Avignon 2023

•Off 2023• "Œdipe/Enquête" Œdipe et son double, une quête sans âge… et sans fin

Si "le rêve est à la mythologie privée du dormeur, ce que le mythe est au rêve éveillé des peuples" (Paul Ricœur), la toute nouvelle création de Jean-François Matignon, en projetant sur l'avant-scène du Théâtre Transversal son Œdipe revisité, nous emporte très loin dans les sphères oniriques à la rencontre du mythe fondateur. Reliant la version de Sénèque le Tragique à celle du roman noir de Didier Lamaison, croisant les deux visages du même, le metteur en jeu tel le devin qu'il sait ne pas être joue ici des ambiguïtés attachées à "l'homme aux pieds enflés". Et ce, pour mieux nous embarquer sur les traces d'une énigme à jamais irrésolue.



© Fraction.
Œdipe en grec se dit "Oidipous" ("Οιδι-πους"), celui qui a les pieds enflés. Dans son nom même, la métaphore du Nom-du-père qui y est attachée, réside l'énigme originelle. Celle de sa naissance. "Exposé" sur un mont au nord d'Athènes, les chevilles percées pour pouvoir être arrimé à un arbre, il était destiné à mourir selon le vœu de ses parents, le roi Laïos et la reine Jocaste, afin que la prédiction de l'oracle de Delphes – il tuerait son père et épouserait sa mère – ne puisse se réaliser.
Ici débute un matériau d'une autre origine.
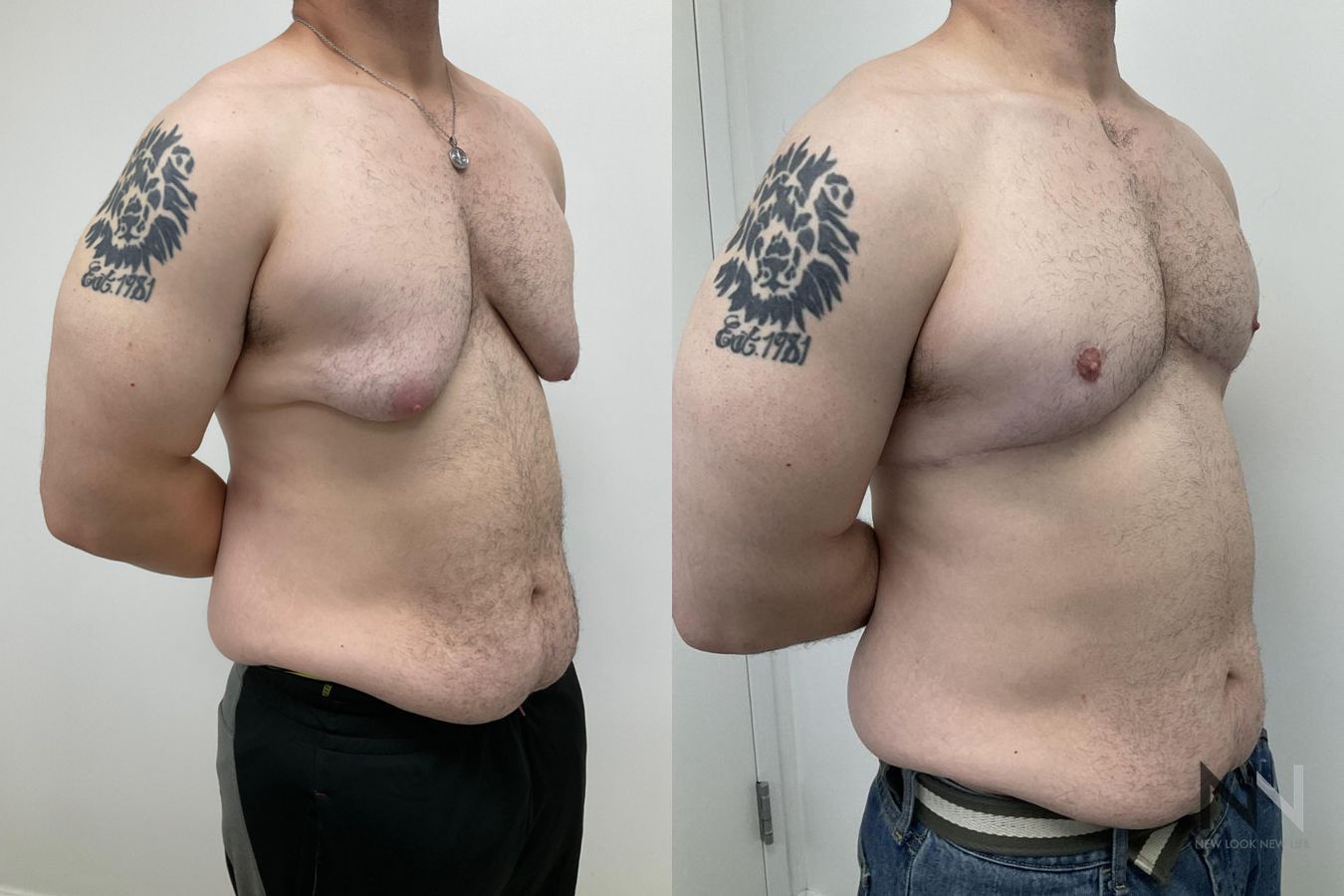 Before and after gynecomastia lift showing reduced male breast tissue and improved chest contour four months after surgery. - Angle 4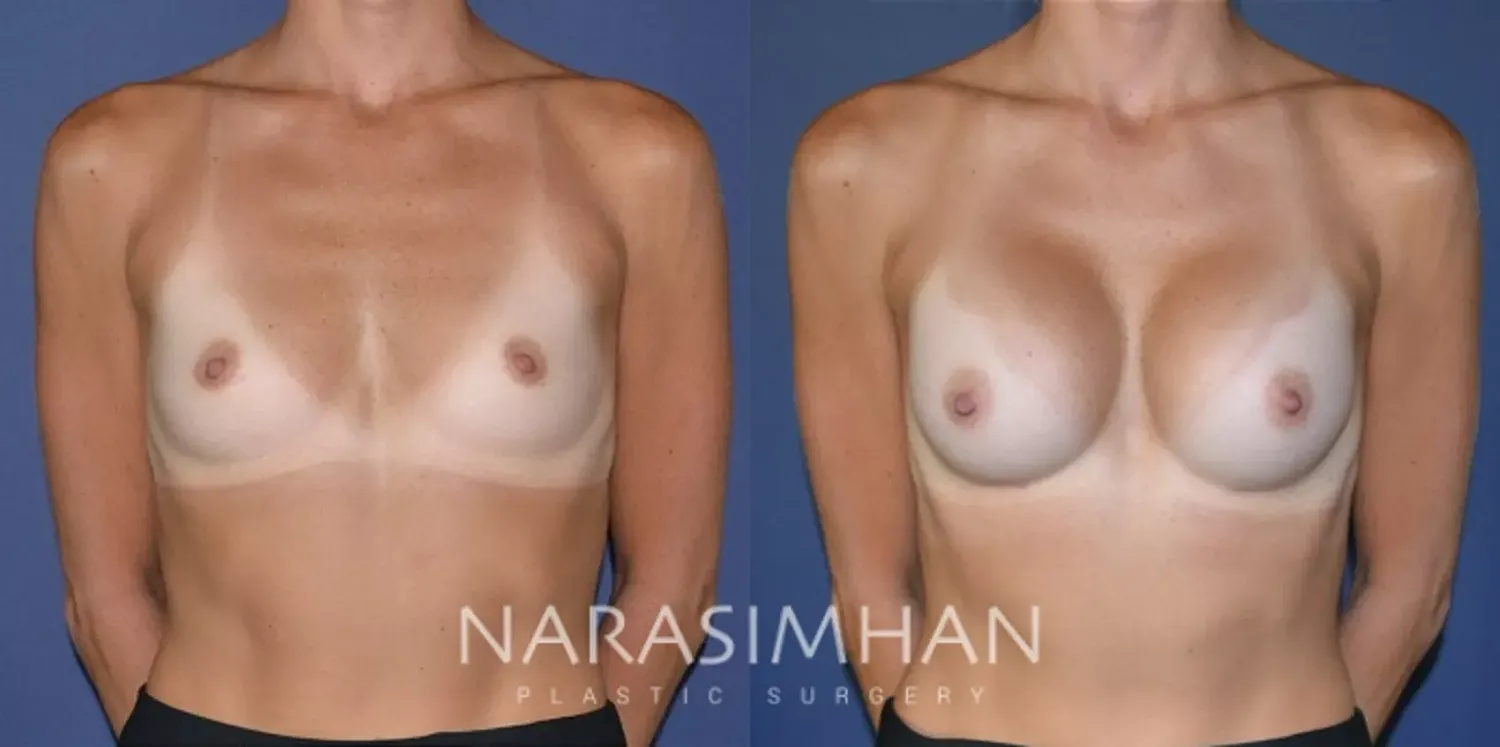 Breast Augmentation Before & After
De cette histoire vieille comme le monde, le spectateur découvrira d'abord Tirésias, le devin aveugle de Thèbes, écoutant sur un petit récepteur radio les nouvelles du monde d'aujourd'hui, celles diffusées en direct par une chaîne d'infos en continu. Interrompant le flux incessant des tragédies égrenées, il sort de son silence pour commenter laconiquement : "Il s'en passe des choses. Le monde n'est pas tout rose… N'acceptez pas ce qui vous arrive comme une destinée… Soupçon, médisance, ignorance, peur, maladie s'abattent sur Thèbes. Laïos a été assassiné lâchement, qu'avez-vous fait pour trouver le meurtrier ?".

© Fraction.
Œdipe fera alors son apparition, "On m'appelle Œdipe". Et la voix du metteur en scène (Jean-François Matignon), celui qui tire les fils de la tragédie ancienne pour les mêler à la présente, de commenter d'une travée de la salle où il a pris place : "C'est l'homme aux pieds enflés. Celui qui finira comme il a commencé, en exclu. Le trône du roi et le lit de la reine lui seront acquis. De même, il tuera la Sphinge après avoir résolu l'énigme". La Sphinge, un être mi-femme, mi-bête, le féminin de Sphinx…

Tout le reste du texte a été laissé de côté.